Reuso de água é cada vez mais importante, principalmente no semiárido.
Projeto Bioágua aproveita água usada em casa para irrigação de hortas.

A quantidade de água doce à disposição da população está diminuindo. Por isso, a importância de projetos de reuso de água é cada vez maior, principalmente em regiões como o semiárido brasileiro. NoRio Grande do Norte, uma experiência de sucesso, batizada de Bioágua, aproveita a água usada em casa para a irrigação de hortas.

No município de Olho D’água do Borges, perto da divisa com a Paraíba, a chuva é pouca e mal distribuída. No semiárido, a média de chuva é de 600 mm por ano, cerca de um terço do que chove em Natal, capital do Rio Grande do Norte, por exemplo.

Nos meses de inverno, quando os moradores esperam pela água, eles ainda podem ser surpreendidos pela estiagem. Foi exatamente isso que aconteceu este ano.

O agricultor Sebastião de Brito tem 60 cabeças de gado. Sem pasto nativo suficiente, ele tira do bolso para comprar ração e dar aos animais no cocho. Mesmo assim, não conseguiu manter a produção de leite. “Estou tirando 30 litros de leite, mas deveria estar tirando 50, 60 litros”, afirma.

Outra renda do agricultor vem dos animais vendidos para abate, mas com o gado magro, a venda fica mais difícil. “O animal é vendido por R$ 100, o quilo. Estando magro não tem quem queira. Tem que investir mais e isso diminui a renda”, explica Sebastião.

A casa de Sebastião vai receber o Bioágua, um sistema que aproveita a chamada água cinza – toda a água usada na casa, menos a do vaso sanitário – para irrigar hortaliças. A iniciativa é do Projeto Dom Helder Camara e está mudando a situação do semiárido.

Por enquanto, foram instalados apenas três Bioáguas. “Este projeto é uma ação do Ministério do Desenvolvimento Agrário, com colaboração do Fundo Internacional de Desenvolvimento da Agricultura, que tem como finalidade o combate à pobreza e o desenvolvimento rural. A instalação do projeto custa em torno de R$ 3 mil. A nossa proposta é procurar órgãos patrocinadores”, explica o agrônomo Fábio Santiago, coordenador técnico do projeto Dom Helder Câmara.

O sistema do Bioágua
O sistema funciona da seguinte forma: a água sai da casa por um único cano e segue por gravidade até o filtro, construído ao lado, em um terreno mais baixo. Depois de passar pelo filtro, ela vai até um reservatório e, de lá, a água é bombeada para canteiros de hortaliças.

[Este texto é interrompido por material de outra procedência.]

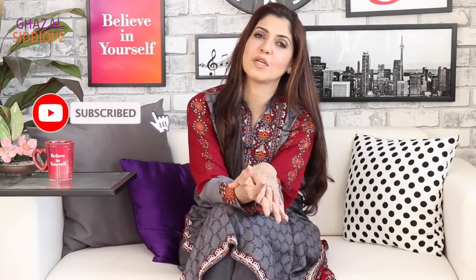Today I have thought that since it has been a long time and I have been making my eyebrows at home, I will share with you the techniques and tips with which we can make our eyebrows very easily. If you don't subscribe to my channel, please click subscribe and the notification bell.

De acordo com a quantidade de água usada na casa, se define o número de filtros necessários. Feitos os buracos, são erguidas as paredes de cimento com a ajuda de formas de metal.

Cada filtro tem um metro e meio de diâmetro e um metro de profundidade. Para garantir uma boa filtragem, a estrutura é preenchida com várias camadas de diferentes materiais: 20 centímetros de seixos, dez de brita, dez de areia lavada, cinquenta de serragem, e dez de húmus, contendo um quilo de minhocas. Depois que estiver funcionando, o filtro precisa passar por manutenção a cada seis meses.

Abrir a cabeça dos moradores às novidades é a tarefa de Luiz Monteiro Neto, técnico agrícola da ONG Athos, encarregada de implantar o projeto na região. Luiz é também pastor da igreja evangélica, um líder muito ouvido na região. Mesmo assim, o povo quis ver para crer. “O convencimento veio com os resultados que foram surgindo”, conta.

Ao lado do Bioágua ficam os canteiros para as hortaliças. A água filtrada na casa de Sebastião vai ser suficiente para irrigar dois canteiros com 13 metros de comprimento por um metro de largura e manter cerca de seis árvores frutíferas.

Resultados de sucesso
Na primeira casa a receber o Bioágua, em 2009, moram sete pessoas e o consumo de água é muito grande. O agricultor Ulisses dos Santos, um dos moradores, sabe tudo sobre o projeto. “A gente achava que a água depois de usada, na teoria, não servia para mais nada. Então, ela era desperdiçada, jogada a céu aberto. Essa tecnologia que o projeto trouxe, mudou totalmente nosso pensamento. A gente aproveita de 800 a mil litros de água, que estavam sendo desperdiçados por dia”, relata.

Para garantir a eficiência do sistema, a Universidade Federal Rural do Semi-Árido fez vários testes durante estes três anos. “Os riscos na reutilização envolvem uma possível contaminação dos trabalhadores, que manuseiam a horta, e dos consumidores. Pode ocorrer também a salinização, que deixa o solo menos produtivo. Após vários ajustes do sistema, a gente chegou a uma condição de produzir culturas que atendem os padrões de qualidade da Anvisa. Na condição atual, as verduras dessas hortas são seguras para o consumo”, garante a engenheira sanitarista Solange Dombroski.

Entre as adaptações a que a engenheira se refere estão o aumento no número de filtros, já que a grande quantidade de água em um único filtro matava as minhocas, e a mudança do sistema de irrigação de aspersão para o gotejamento, mais econômico e que também diminui o contato da água de reuso com as hortaliças e com os agricultores.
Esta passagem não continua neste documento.